Today I swam for the hundredth time this year in the city swimming pool here in Exeter. It is a 25 metre pool, and -- according to my spreadsheet -- I have swum 8300 lengths this year. (I deliberately swam enough lengths today to make the total a round number, and the mean an integer.)
But, how far have I actually swum in that pool this year? I keep a spreadsheet for these swims, and that is updated every time I swim, so the number of swims in the city pool is reliable. I have swum once elsewhere, and we are discounting that five minute splash in a cold, open air pool. There are three obvious sources of error.
First, I may have miscounted. There is no mechanism for recording the lengths except my head, and I know that sometimes I lose track. But to counter this source of error, I usually swim with my wife, and she also counts lengths and we can generally verify the number of lengths each has swum (she is a little faster); I also know how fast I swim, so the clock on the wall of the pool gives a safeguard against gross error. As I swim an even number of lengths, my count is likely to be in error by \plusminus 2 if at all. I would hazard that I have made an error on at most 5 occasions. So the count of the lengths is 8300 \plusminus 10
Second, I do not always stay in the same lane of the pool, so I don't swim exactly the length of the pool. But simple geometry tells me that even if I swim slightly off straight, the difference between what I swim and the length of the pool is very small. We are talking about a variation of \plus 0.05% at most, say 4 lengths.
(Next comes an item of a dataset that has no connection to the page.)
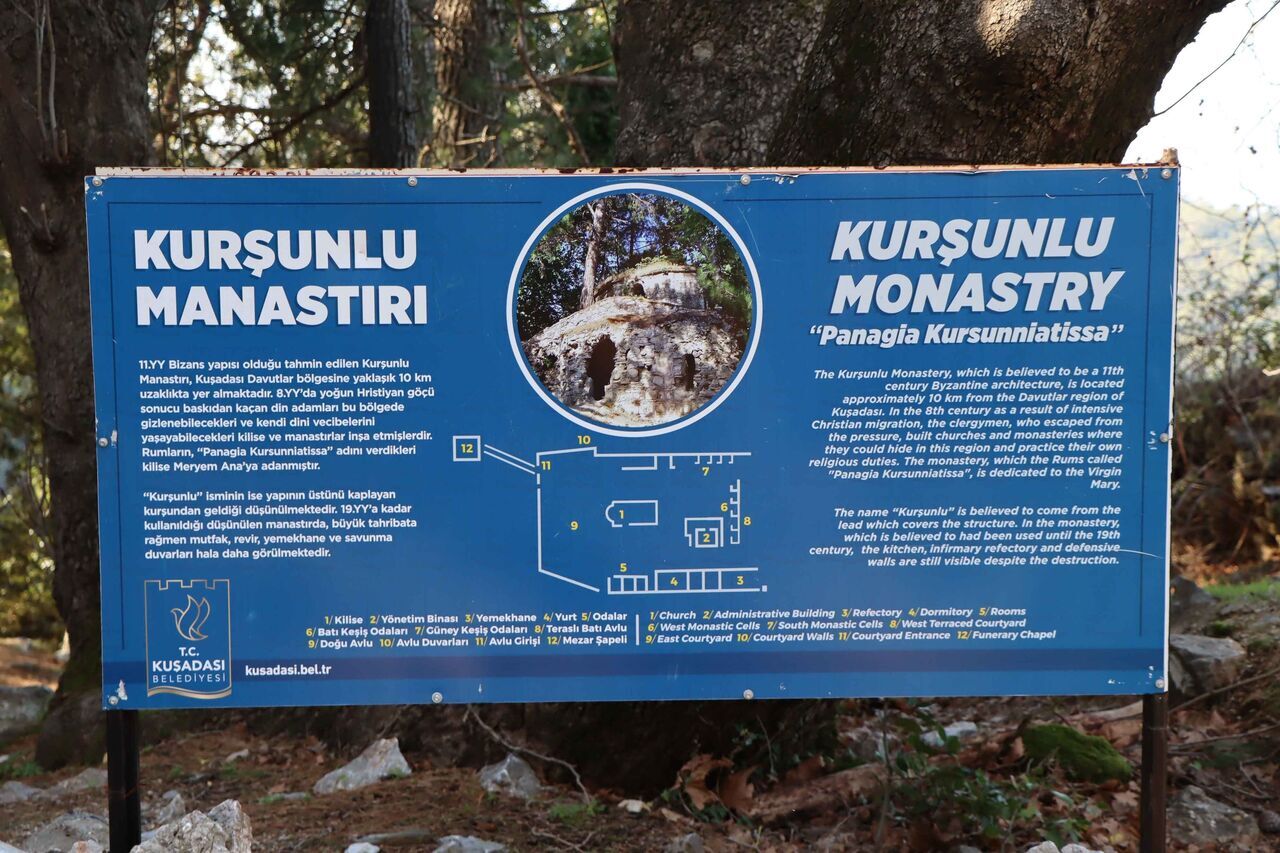 Aydın’da Zirveye Gizlenmiş 900 Yıllık Manastır (2)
Third, I trust the pool builders to have measured correctly. But here is the most intriguing source of error. The pool is not exactly 25 metres. There is a tolerance because it was surveyed with measuring line when it was built. Everyone believes that it is exactly 25 metres, but the tolerance is probably \plusminus 150cm (6 inches) -- about 0.5%
So, all in all, I have not swum exactly 207.50 kilometres this year. The extreme range is
8294 * 0.024850 to 8314 * 0.025150 kilometres, i.e. (206.1 to 209.1) But that is the extreme range, and the confidence interval is smaller -- an exercise for the reader.
Why does this matter?
One, the Olympic Games are currently happening. How accurately are lengths of tracks and pools measured? The times of races are recorded very accurately, because we are very good at recording time. But how much tolerance is there in the distances?
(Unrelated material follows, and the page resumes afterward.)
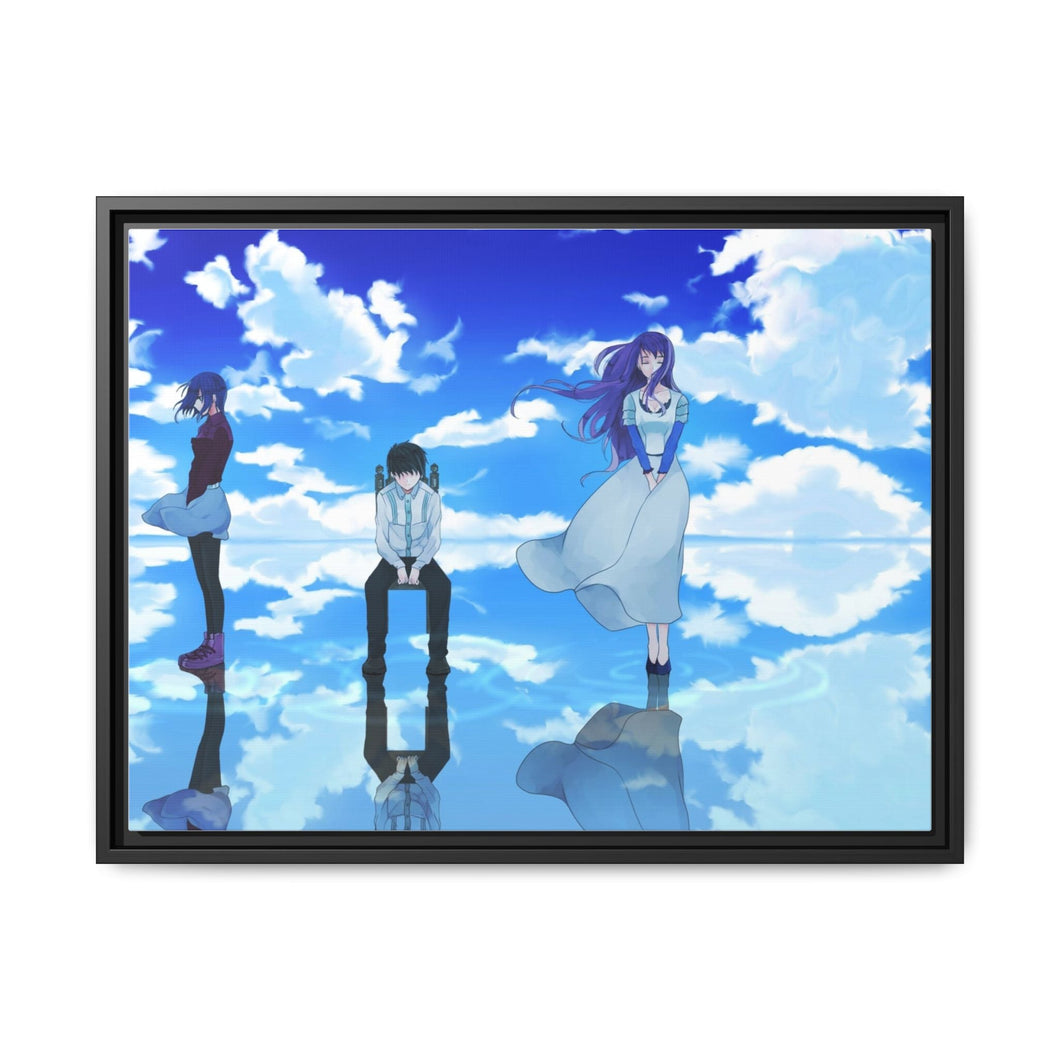 Anime Tokyo Ghoul Canvas Framed Art Print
Secondly, for O.R. professionals, how often do we believe in spurious accuracy of data? When I learnt about L.P. in the oil industry, we were told a cautionary tale, of the analysts who checked their data; one measurement of viscosity of crude oil was always given as an integer, a small integer. This was then processed through the L.P. model. Where did this value come from, they asked. As one should, they checked. The data was supplied by an experienced worker, who dipped his thumb and forefinger into the crude oil, rubbed them together, and pronounced the measurement. Now, far too often, I see papers submitted for journals where there are tables of results quoted to six or more significant figures. Where did these come from? Usually from the analysis of a few dozen observations that were each measured to two or three significant figures. The best models in the world cannot conjure more accuracy from the model than was in the source data; but all too often we forget that, at our peril.
The results are only as good as the data.